** INPUT RECORDS follows **
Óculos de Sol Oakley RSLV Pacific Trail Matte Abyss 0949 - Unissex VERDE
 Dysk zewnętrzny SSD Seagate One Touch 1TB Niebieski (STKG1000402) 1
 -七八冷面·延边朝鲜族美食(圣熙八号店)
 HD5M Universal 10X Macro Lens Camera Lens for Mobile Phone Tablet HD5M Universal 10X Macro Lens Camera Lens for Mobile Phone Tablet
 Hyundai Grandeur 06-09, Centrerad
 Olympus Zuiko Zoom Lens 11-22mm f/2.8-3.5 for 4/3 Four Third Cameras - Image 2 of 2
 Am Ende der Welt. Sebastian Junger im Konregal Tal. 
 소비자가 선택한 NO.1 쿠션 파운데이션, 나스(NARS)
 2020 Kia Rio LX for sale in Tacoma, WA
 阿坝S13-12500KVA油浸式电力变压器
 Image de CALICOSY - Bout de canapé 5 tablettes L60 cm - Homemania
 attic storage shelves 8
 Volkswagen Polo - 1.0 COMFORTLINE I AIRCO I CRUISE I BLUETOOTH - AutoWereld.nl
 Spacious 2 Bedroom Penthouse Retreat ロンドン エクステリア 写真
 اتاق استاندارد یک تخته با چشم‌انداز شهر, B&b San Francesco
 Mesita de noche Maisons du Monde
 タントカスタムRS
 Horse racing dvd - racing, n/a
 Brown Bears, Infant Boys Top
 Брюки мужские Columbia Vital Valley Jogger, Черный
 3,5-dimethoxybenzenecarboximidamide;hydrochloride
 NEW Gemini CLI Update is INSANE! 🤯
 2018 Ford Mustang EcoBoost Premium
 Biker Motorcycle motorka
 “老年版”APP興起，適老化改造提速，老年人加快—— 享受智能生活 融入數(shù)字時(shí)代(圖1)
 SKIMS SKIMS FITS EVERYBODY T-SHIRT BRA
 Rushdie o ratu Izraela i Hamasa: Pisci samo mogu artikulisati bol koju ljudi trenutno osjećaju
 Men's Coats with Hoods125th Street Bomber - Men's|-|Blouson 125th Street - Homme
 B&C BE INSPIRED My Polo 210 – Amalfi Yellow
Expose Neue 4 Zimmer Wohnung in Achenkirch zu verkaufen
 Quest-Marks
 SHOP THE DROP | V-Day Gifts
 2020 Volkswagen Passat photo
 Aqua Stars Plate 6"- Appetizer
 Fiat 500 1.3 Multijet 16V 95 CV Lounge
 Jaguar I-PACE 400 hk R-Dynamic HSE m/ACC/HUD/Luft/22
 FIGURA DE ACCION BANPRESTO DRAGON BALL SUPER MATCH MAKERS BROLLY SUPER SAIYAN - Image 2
** End of INPUT RECORDS **
• EXERCISE AIM: What you return should match every line above exactly.

• SOLUTION FOR THIS TASK:
Óculos de Sol Oakley RSLV Pacific Trail Matte Abyss 0949 - Unissex VERDE
 Dysk zewnętrzny SSD Seagate One Touch 1TB Niebieski (STKG1000402) 1
 -七八冷面·延边朝鲜族美食(圣熙八号店)
 HD5M Universal 10X Macro Lens Camera Lens for Mobile Phone Tablet HD5M Universal 10X Macro Lens Camera Lens for Mobile Phone Tablet
 Hyundai Grandeur 06-09, Centrerad
 Olympus Zuiko Zoom Lens 11-22mm f/2.8-3.5 for 4/3 Four Third Cameras - Image 2 of 2
 Am Ende der Welt. Sebastian Junger im Konregal Tal. 
 소비자가 선택한 NO.1 쿠션 파운데이션, 나스(NARS)
 2020 Kia Rio LX for sale in Tacoma, WA
 阿坝S13-12500KVA油浸式电力变压器
 Image de CALICOSY - Bout de canapé 5 tablettes L60 cm - Homemania
 attic storage shelves 8
 Volkswagen Polo - 1.0 COMFORTLINE I AIRCO I CRUISE I BLUETOOTH - AutoWereld.nl
 Spacious 2 Bedroom Penthouse Retreat ロンドン エクステリア 写真
 اتاق استاندارد یک تخته با چشم‌انداز شهر, B&b San Francesco
 Mesita de noche Maisons du Monde
 タントカスタムRS
 Horse racing dvd - racing, n/a
 Brown Bears, Infant Boys Top
 Брюки мужские Columbia Vital Valley Jogger, Черный
 3,5-dimethoxybenzenecarboximidamide;hydrochloride
 NEW Gemini CLI Update is INSANE! 🤯
 2018 Ford Mustang EcoBoost Premium
 Biker Motorcycle motorka
 “老年版”APP興起，適老化改造提速，老年人加快—— 享受智能生活 融入數(shù)字時(shí)代(圖1)
 SKIMS SKIMS FITS EVERYBODY T-SHIRT BRA
 Rushdie o ratu Izraela i Hamasa: Pisci samo mogu artikulisati bol koju ljudi trenutno osjećaju
 Men's Coats with Hoods125th Street Bomber - Men's|-|Blouson 125th Street - Homme
 B&C BE INSPIRED My Polo 210 – Amalfi Yellow
Expose Neue 4 Zimmer Wohnung in Achenkirch zu verkaufen
 Quest-Marks
 SHOP THE DROP | V-Day Gifts
 2020 Volkswagen Passat photo
 Aqua Stars Plate 6"- Appetizer
 Fiat 500 1.3 Multijet 16V 95 CV Lounge
 Jaguar I-PACE 400 hk R-Dynamic HSE m/ACC/HUD/Luft/22
 FIGURA DE ACCION BANPRESTO DRAGON BALL SUPER MATCH MAKERS BROLLY SUPER SAIYAN - Image 2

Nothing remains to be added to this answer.